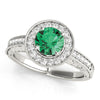 Load image into Gallery viewer, Round Engagement Ring M84509-4
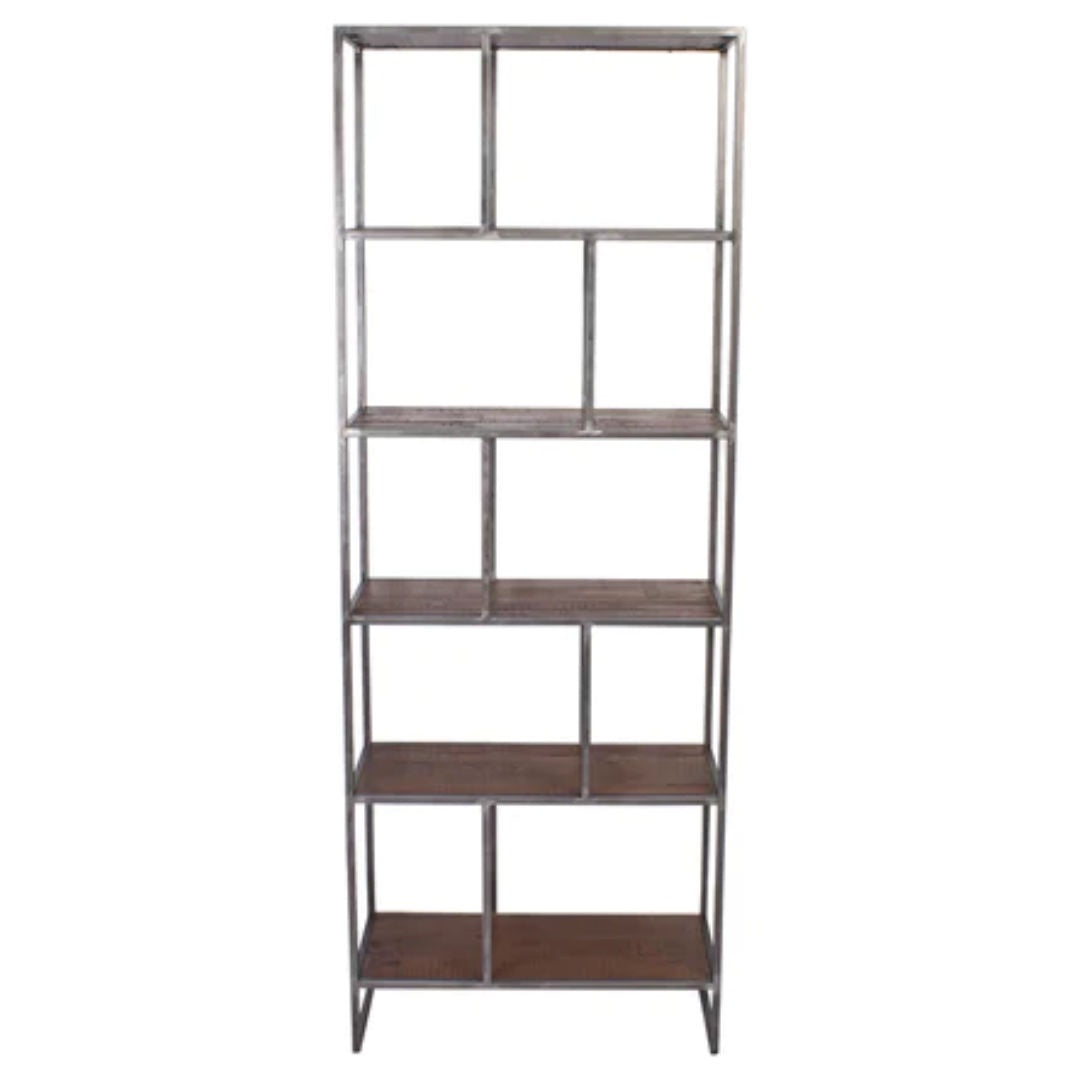 Dianah Open Shelving Unit | W70 x D32 x H189cm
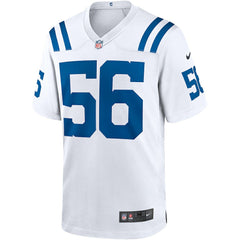 Quenton Nelson Indianapolis Colts Game Player Jersey - White Jerseys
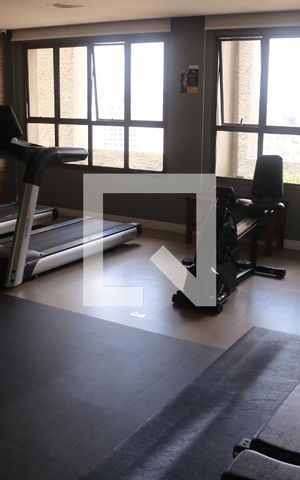 Studio para alugar com 42m², 1 quarto e 1 vagaÁrea comum - Academia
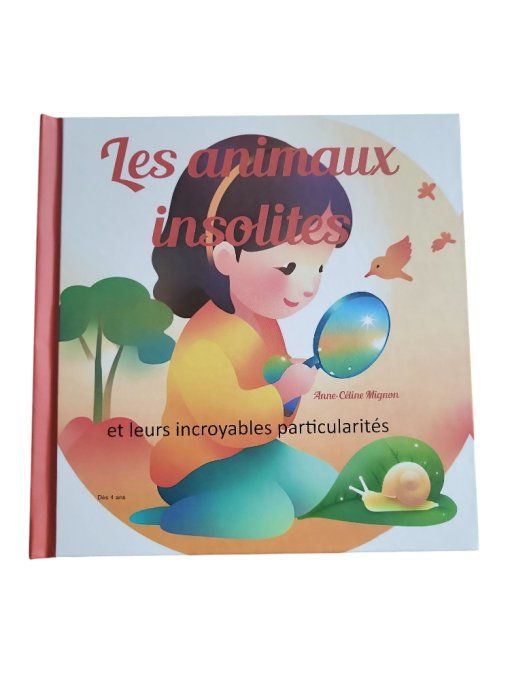 Les animaux insolites et leurs incroyables particularités - dès 4 ans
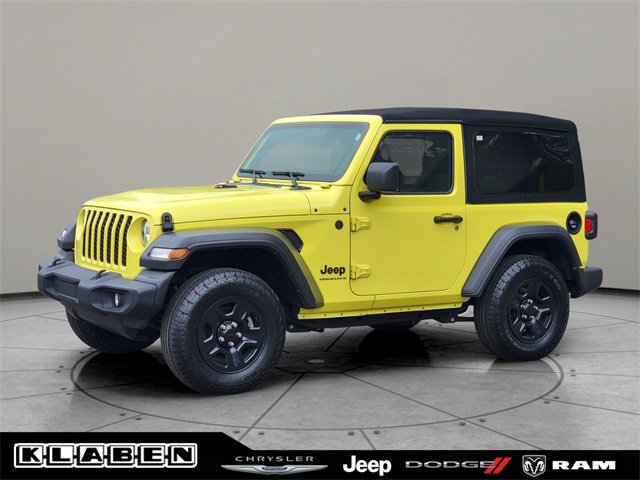 Certified 2024 Jeep Wrangler Sport image 1
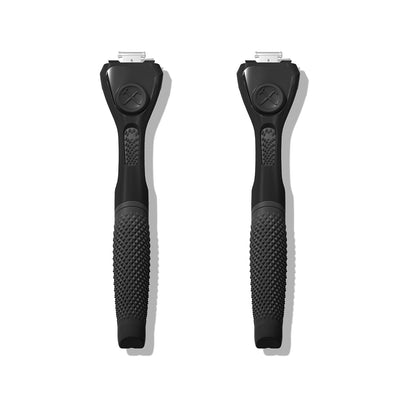 Diamond Grip Handle Black 2 pack
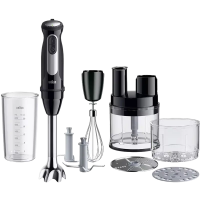 Погружной блендер Braun MultiQuick 5 Pro MQ 55755 M Чёрный - 1000 Вт | 0.5 л | Пластик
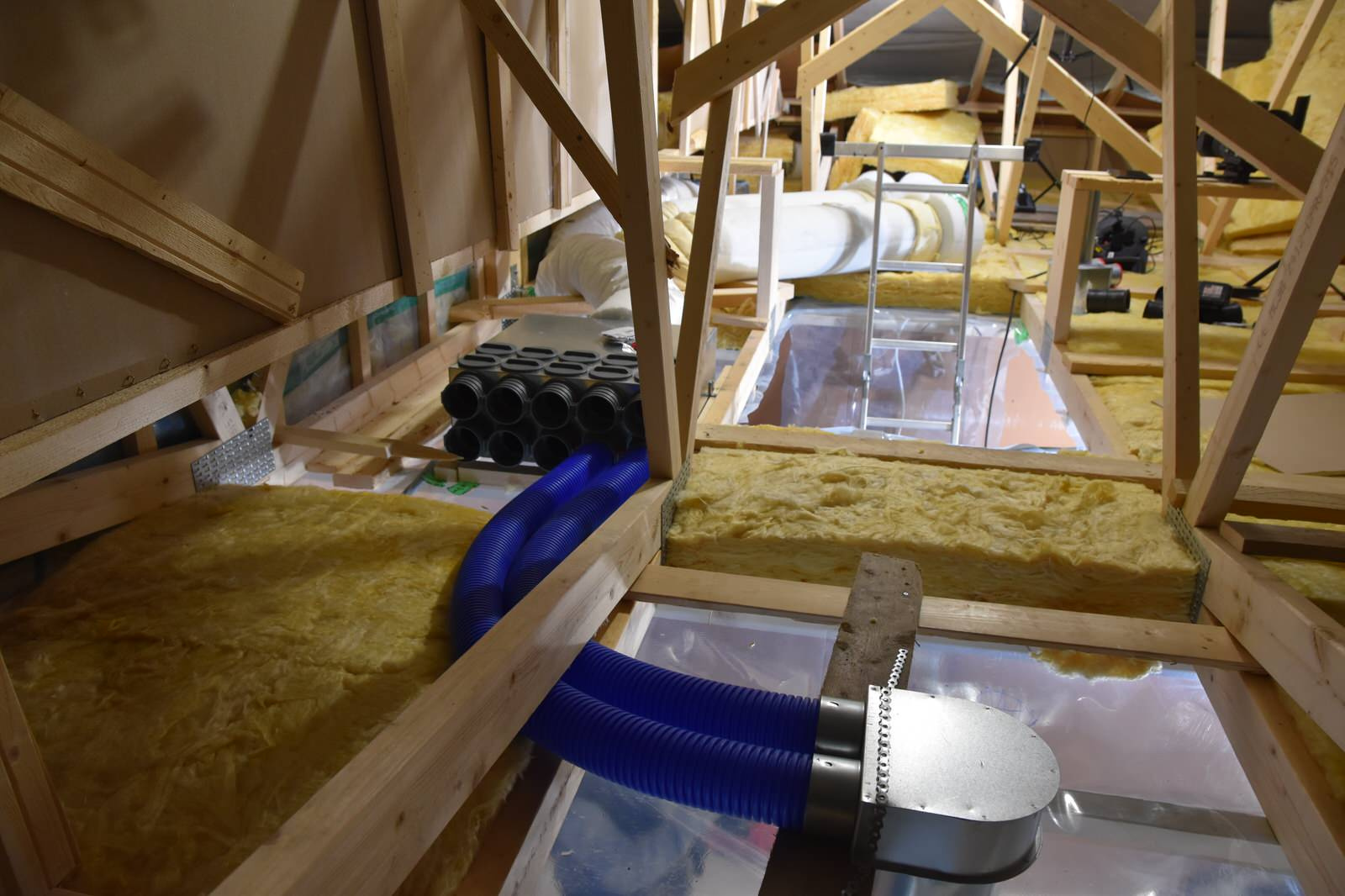 Blue Sky - система гибких воздуховодов от Vallox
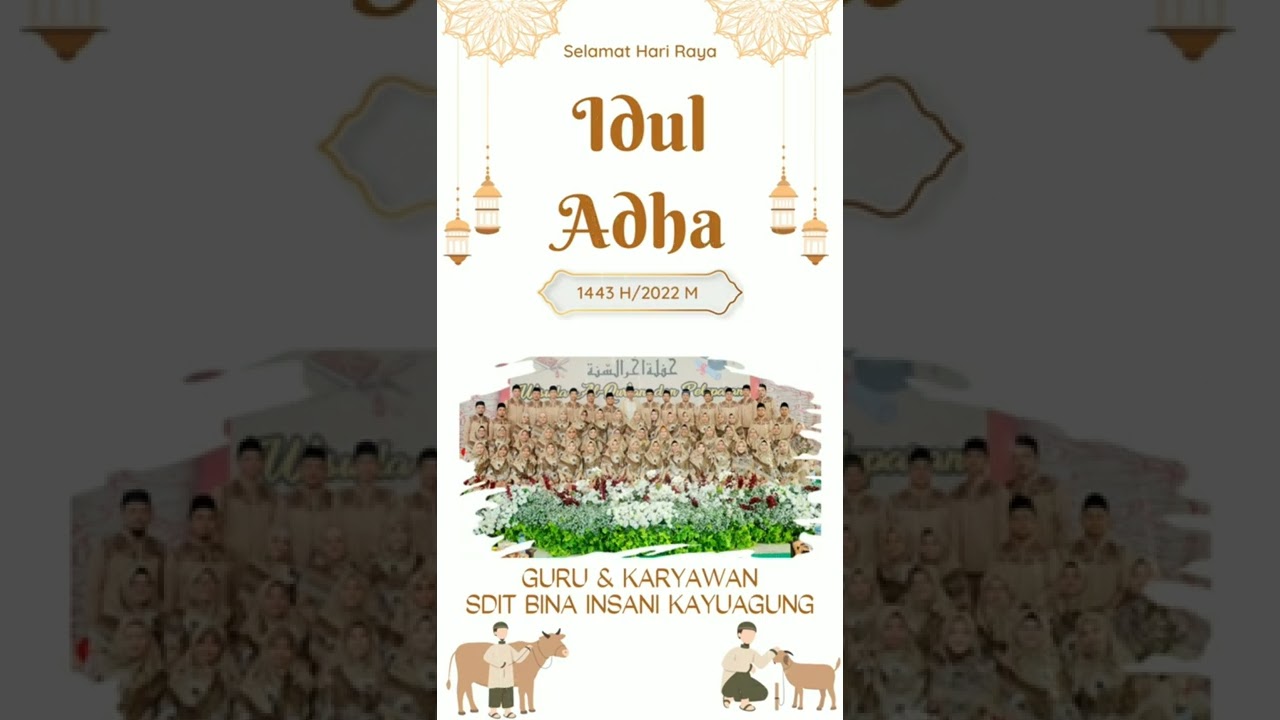 selamat idul Adha guru 2ku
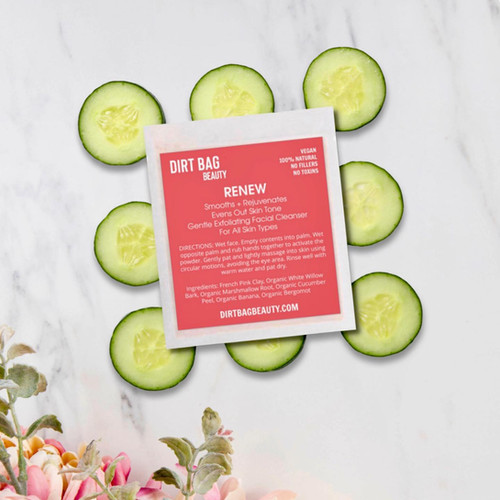 Renew Vegan Exfoliating Facial Cleanser Essential Beauty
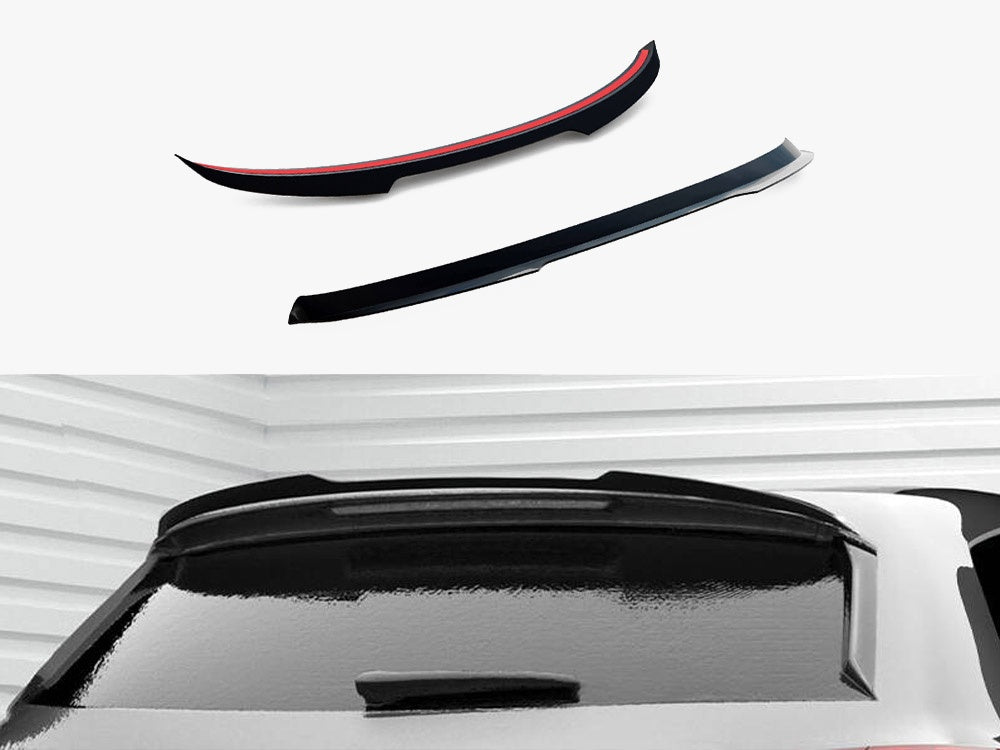 Maxton Design Spoiler CAP V.2 Seat Leon Cupra Sportstourer Mk3 Facelift - SE-LE-3F-CU-ST-CAP2G - Image 1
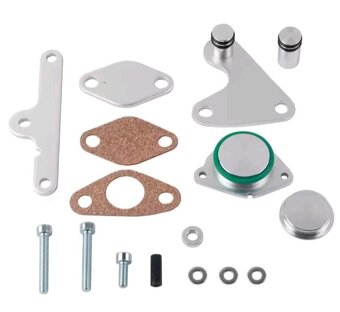 BMW zaslepenie EGR N47,N47S - 6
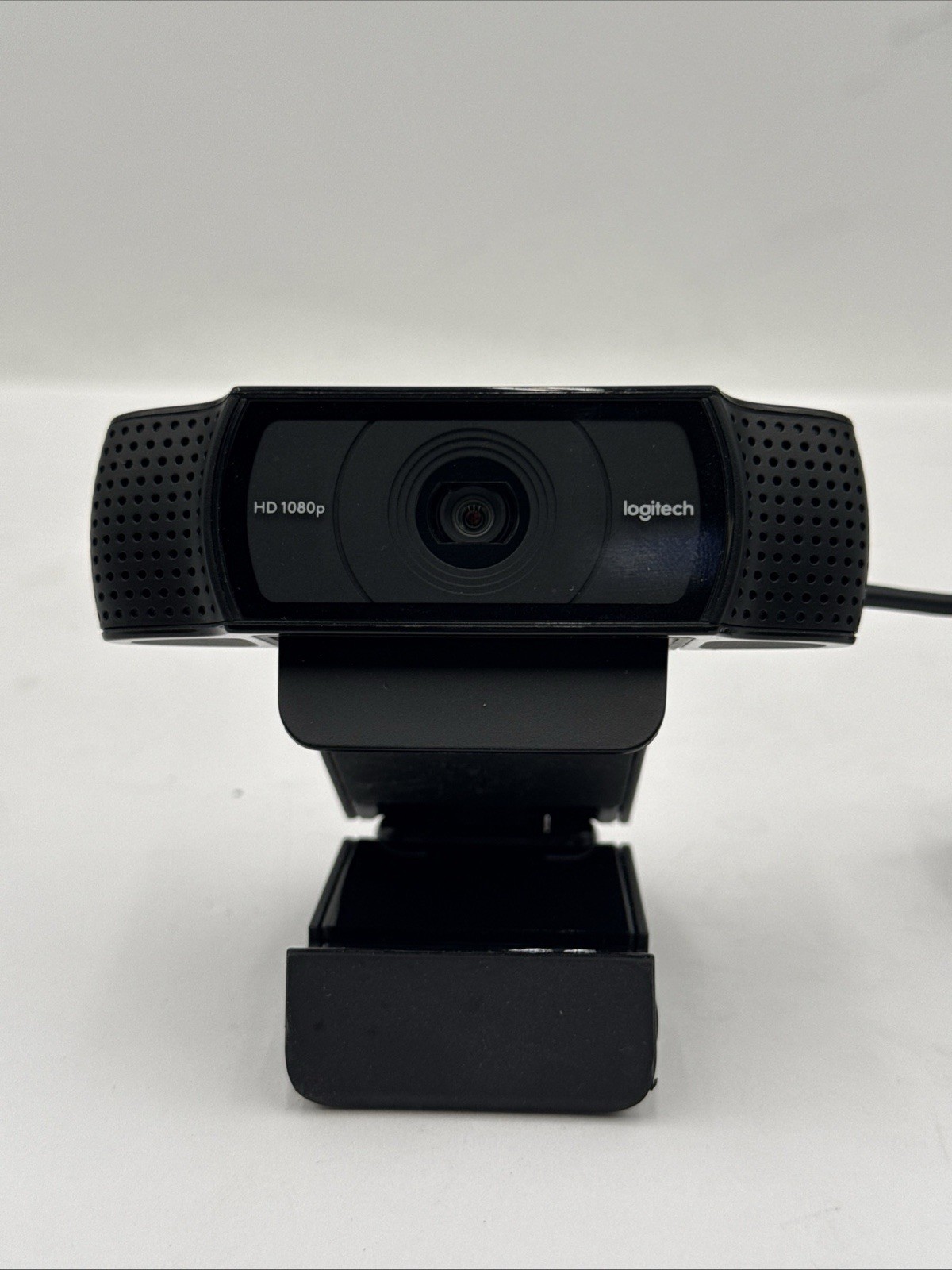 Logitech C920S HD Pro Webcam 1080p 30fps Stereo Audio Black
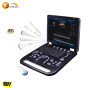 3D 4D Veterinaria portatile ultrasuono ecografo color doppler portatile per cane, mucca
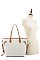 Large Size Monogram Quality Tote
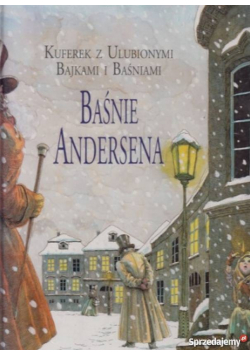 Kuferek z ulubionymi bajkami i baśniami Baśnie Andersena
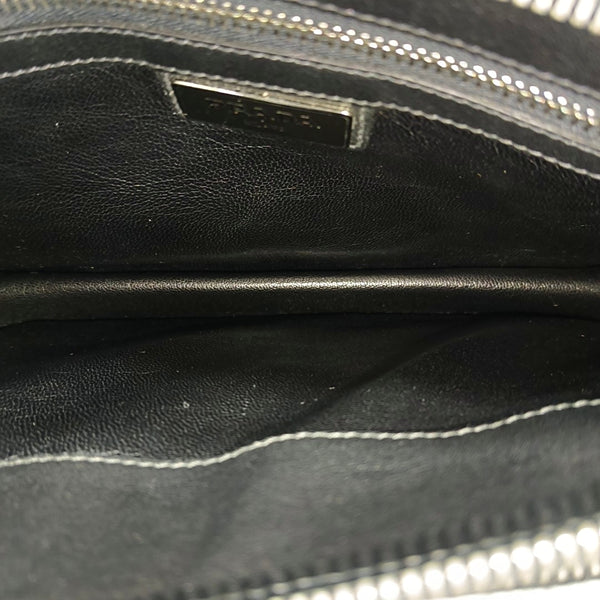 Calfskin Clutch Black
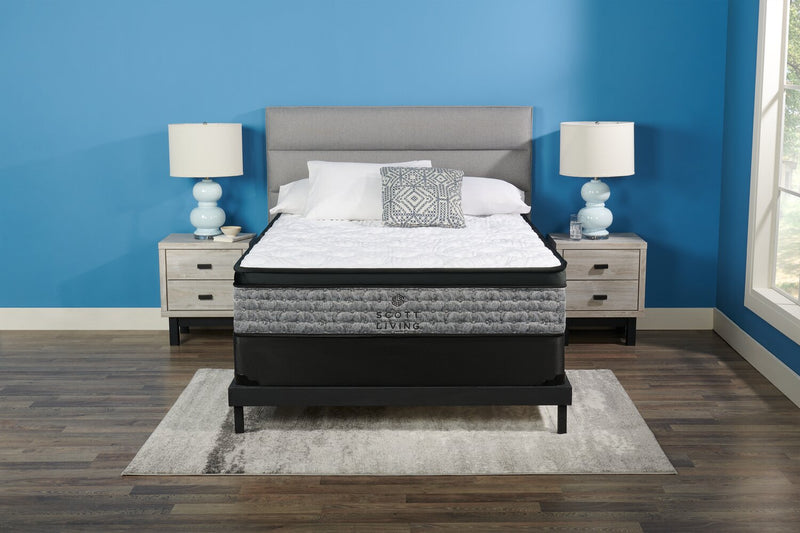 Matelas ferme à Euro-plateau Braemar de Scott Living pour lit simple très long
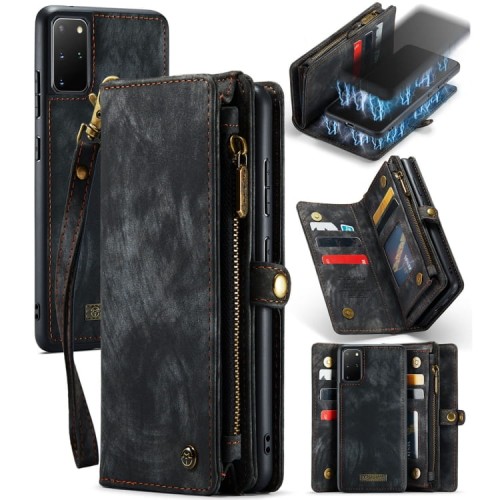 Pokrowiec Portfel Etui CASEME do Samsung Galaxy S20 Ultra czarny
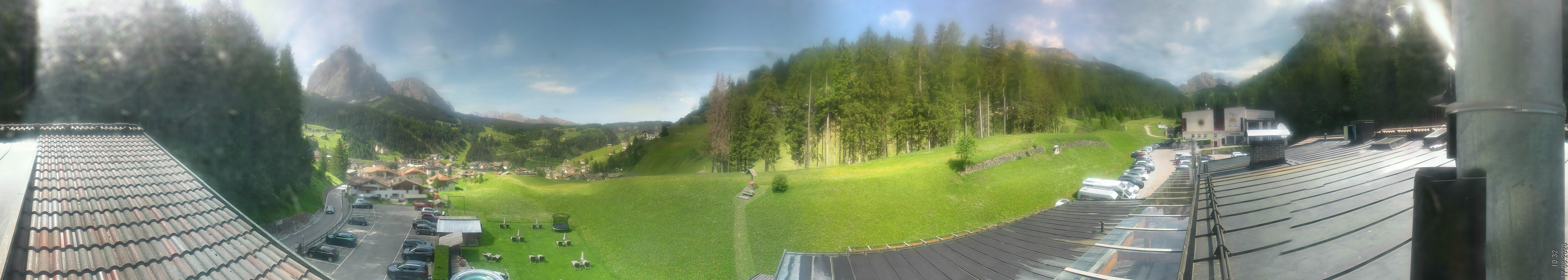 Archiv Foto Webcam Col Raiser / Hotel Jägerheim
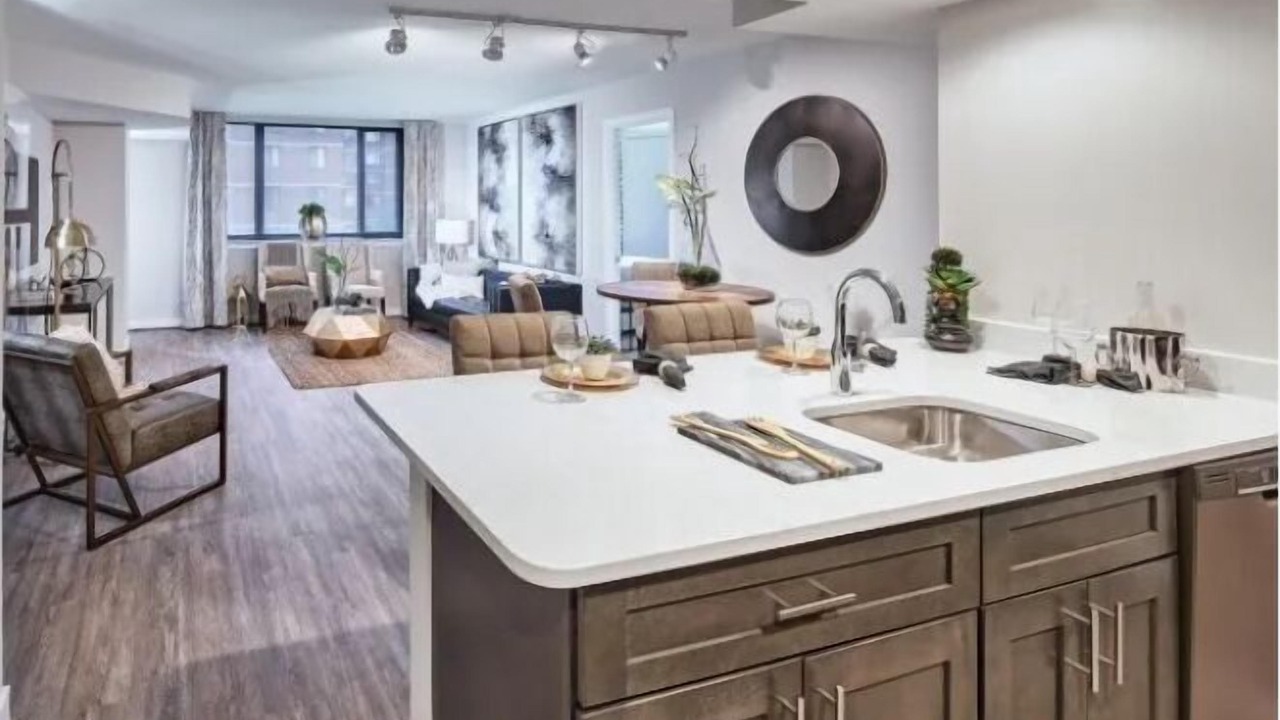 Photo of Kitchen in Court House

⁂

> _EXERCISE GOAL_:
Go through the entries above and output them exactly, without pictures.

> _WRITTEN RESPONSE_:
 Load image into Gallery viewer, Round Engagement Ring M84509-4
 Dianah Open Shelving Unit | W70 x D32 x H189cm
 Quenton Nelson Indianapolis Colts Game Player Jersey - White Jerseys
 Studio para alugar com 42m², 1 quarto e 1 vagaÁrea comum - Academia
 Les animaux insolites et leurs incroyables particularités - dès 4 ans
 Certified 2024 Jeep Wrangler Sport image 1
 Diamond Grip Handle Black 2 pack
 Погружной блендер Braun MultiQuick 5 Pro MQ 55755 M Чёрный - 1000 Вт | 0.5 л | Пластик
 Blue Sky - система гибких воздуховодов от Vallox
 selamat idul Adha guru 2ku
 Renew Vegan Exfoliating Facial Cleanser Essential Beauty
 Maxton Design Spoiler CAP V.2 Seat Leon Cupra Sportstourer Mk3 Facelift - SE-LE-3F-CU-ST-CAP2G - Image 1
 BMW zaslepenie EGR N47,N47S - 6
 Logitech C920S HD Pro Webcam 1080p 30fps Stereo Audio Black
 3D 4D Veterinaria portatile ultrasuono ecografo color doppler portatile per cane, mucca
 Large Size Monogram Quality Tote
 Kuferek z ulubionymi bajkami i baśniami Baśnie Andersena
 Calfskin Clutch Black
 Matelas ferme à Euro-plateau Braemar de Scott Living pour lit simple très long
 Pokrowiec Portfel Etui CASEME do Samsung Galaxy S20 Ultra czarny
 Archiv Foto Webcam Col Raiser / Hotel Jägerheim
 Photo of Kitchen in Court House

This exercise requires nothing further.